COMIC DRAMA; 1hr 36min
STARRING: Jim Broadbent, Helen Mirren, Fionn Whitehead
Just folks: Broadbent and Mirren
Conviction is a wonderful thing in Notting Hill director Roger Michell’s true-life quirkfest — the act of being convicted, not so much. The year is 1961, and 60-year-old Newcastle cab driver Kempton Bunton (Broadbent) is up in arms about paying for the TV licence he refuses to have, which like the little black-and-white boxes that were televisions back then, seems a ye olde bagatelle in today’s almighty streaming.
Specifically, Kempton wants the licences to be free to British senior cits, for whom the little boxes are a refuge from loneliness. And he isn’t afraid to turn attitude into action, doing 13 days’ jail time for non-compliance, protesting to anyone who will listen (that would be no one), then in a suggested stroke of daredevilry, “borrowing” Francisco Goya’s portrait of the Duke of Wellington from London’s National Gallery under cover of darkness. (Or does he? That would be telling.)

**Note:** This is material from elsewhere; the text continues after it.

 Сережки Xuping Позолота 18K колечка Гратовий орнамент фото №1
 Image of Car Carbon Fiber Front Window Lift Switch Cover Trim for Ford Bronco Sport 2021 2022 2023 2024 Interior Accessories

With the help of his son Jackie (Whitehead), Kempton conceals the Duke in a remodelled bedroom closet, ransoms the £140,000 painting for social benefits, then calmly returns it and steps up in court to protest his innocence.
Just as Kempton occupied a lot of space, this is Broadbent’s show all the way. Unlike a frumpified Mirren, who essentially has one dimension to play with as Kempton’s disapproving housekeeper wife, Dorothy, her professionally rumpled co-star is in his endearing element. The period settings are the real suburban deal as well, with every tea cosy and string of pearls statements of a suffocation that rare bird Kempton refuses to accept. He’s a tub-thumping cross for Dorothy to bear, but the lionhearted wear many deceptive faces.